I haven't had an experience that really left me shaken. I do recall feeling a bit embarrassed by the reaction of a tween when I was checking out my make up at the MAC counter. I wasn't angry or offended....just a bit embarrassed. But I understood that she just didn't know to use her inside voice.

Melissa Jill
03-02-2012, 08:13 AM
I think when situations like that occur you gotta be able to play it off as a joke in someway. Maybe say you ran out of clean men clothes, so you borrowed your wifes/girlfriends/etc. Most men are pretty cool and if you can have a joke with them about the whole thing they'll back off. Unless they're really dangerous.

linda allen
03-02-2012, 08:19 AM
I haven't been out a lot so my worst experiences have just been a couple hard stares. There's no way for me to know if they clocked me or not.

Looking at the photos I've taken, I've improved a lot since the first time out.

Daphne Renee
03-02-2012, 08:39 AM
I have been out very few times. Nothing bad has really every happened. The worst was on halloween a waitress asked if I was a guy. (or something to that effect). I was with my wife and one of her friends. I plan on going out a little more this year hopefully things will be ok.

Stephenie S
03-02-2012, 09:26 AM
I know it's hard to keep your wits about you in this sort of situation, but here is where your smile can help. When someone shouts from their car, a big grin and a wave can catch them off guard. When that woman "clocks" you in a subway station, give her a big smile and engage her in small talk. After all, SHE approached you, right? Often (well all the time) a smile is your best defense. SMILE for goodness sake. A smile signals to the world that you are relaxed and happy and enjoying who and what you are. I cannot stress this enough.

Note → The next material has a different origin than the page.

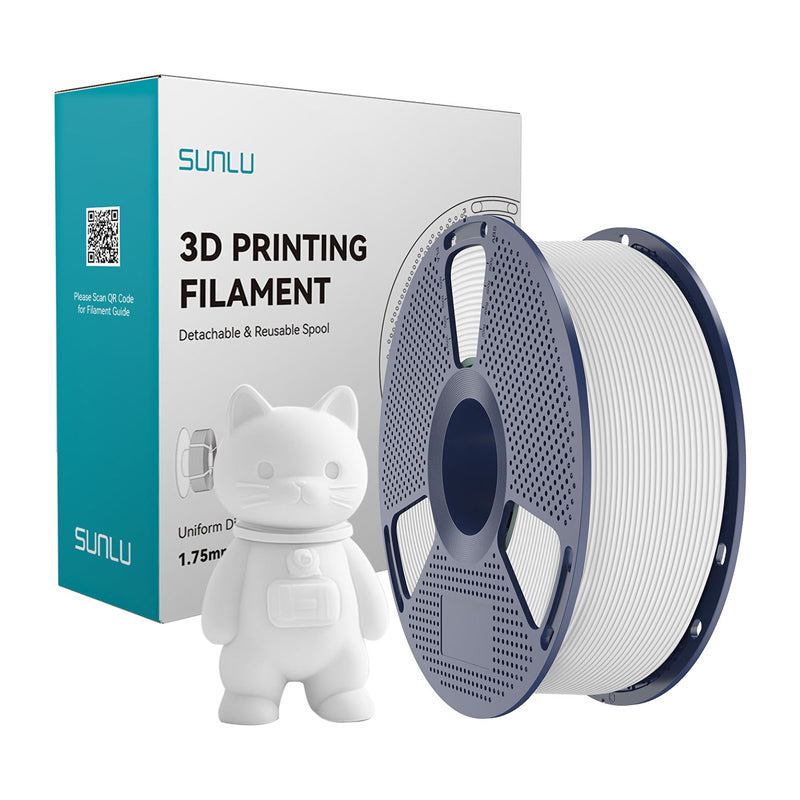 Sunlu PLA Matte Filament (White) - Image 1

Listen, I know you all look at those fashion models in the magazines who snarl at the camera, and you think that's attractive. But that's NOT real life. And remember, those girls are all about seventeen years old and they are starving. Were you happy at seventeen? Especially when you were hungry? Of course not.

Real life is interacting with the world. If you grew up as a guy you learned that guys are not expected to smile. WOMEN SMILE!!! It's a wonderful defense and you HAVE to learn it. I hear crossdressers complain about being "clocked" by children all the time. It's the smile, darling. It's the smile. Women smile at children. Guys do not. Children learn quickly that guys are these slightly scary big people who never smile at them. THAT'S how they clock you. You don't smile at them. Women do the same, but most of them know enough about being polite to know to keep their mouths shut.

SMILE.

Auntie Stephenie

ReineD
03-02-2012, 11:07 AM
When someone shouts from their car, a big grin and a wave can catch them off guard.

If that teenager had been in front of me, I would have put on my mom voice and scolded him. :blah:

Victoria Vermilliana
03-02-2012, 11:18 AM
It's happened to me a few times in school, unfortunately. The worst was the first day of a new semester, someone in the front of the class decided that he needed to stand up before the lecture began, and announce to everyone that I was a man wearing a dress (although in a not so nice way). A few people laughed and snickered, but most everyone else kinda went..."Yeah, and? Who cares?"

I was able to make it look like it didn't affect me, but it did. It's extremely humiliating, actually. It did help to know that most of the people around me just don't care though!

inori
03-02-2012, 11:33 AM
It's happened to me a few times in school, unfortunately. The worst was the first day of a new semester, someone in the front of the class decided that he needed to stand up before the lecture began, and announce to everyone that I was a man wearing a dress (although in a not so nice way). A few people laughed and snickered, but most everyone else kinda went..."Yeah, and? Who cares?"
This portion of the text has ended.